Once you reach the line with "Divided Melamine Plates" in the material below, copy each line exactly up to and including the line with "oversized linnen blouse in roze kleur Mango", and skip the pictures.

◆ DATA SUPPLIED ◆
== Segment start ==

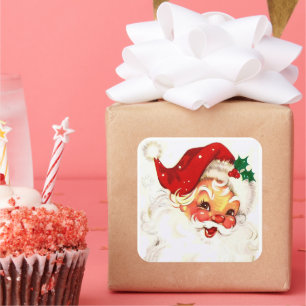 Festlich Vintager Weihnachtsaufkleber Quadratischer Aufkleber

== Segment end ==
== Segment start ==

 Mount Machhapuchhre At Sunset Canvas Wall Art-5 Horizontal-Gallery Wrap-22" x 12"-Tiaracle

== Segment end ==
== Segment start ==

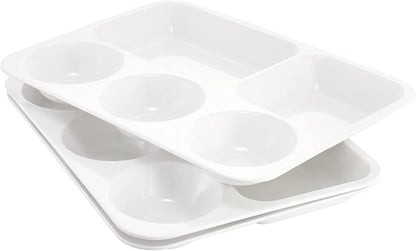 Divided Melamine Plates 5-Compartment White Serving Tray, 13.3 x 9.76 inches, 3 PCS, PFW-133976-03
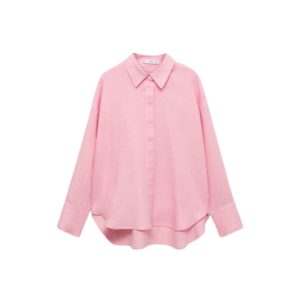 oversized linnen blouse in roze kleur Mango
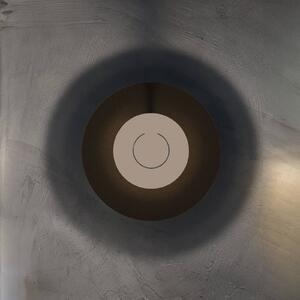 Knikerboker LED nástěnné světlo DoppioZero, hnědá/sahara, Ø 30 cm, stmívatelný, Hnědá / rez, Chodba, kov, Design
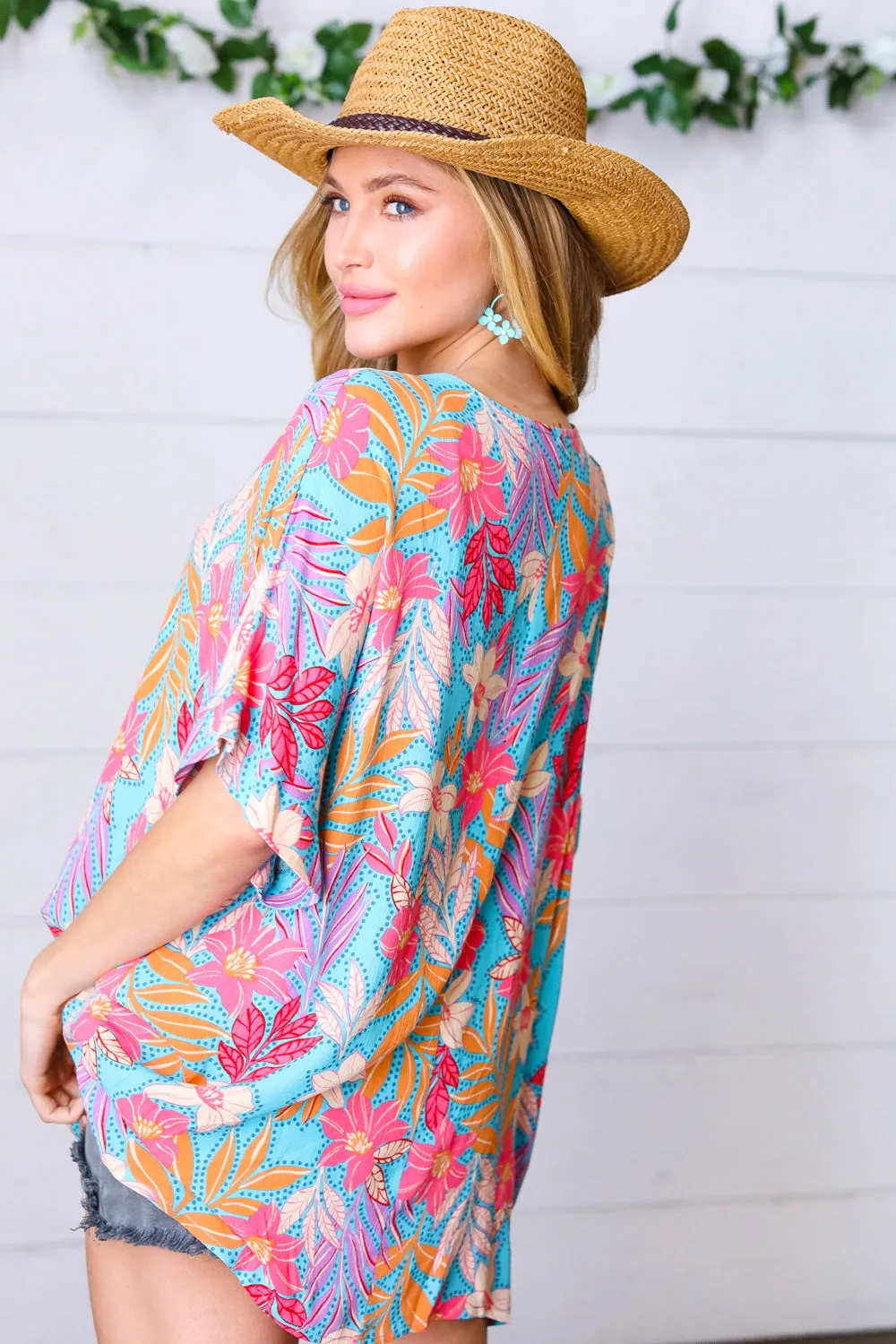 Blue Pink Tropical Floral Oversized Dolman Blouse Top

== Segment end ==

◆ TASK SOLUTION ◆
 Divided Melamine Plates 5-Compartment White Serving Tray, 13.3 x 9.76 inches, 3 PCS, PFW-133976-03
 oversized linnen blouse in roze kleur Mango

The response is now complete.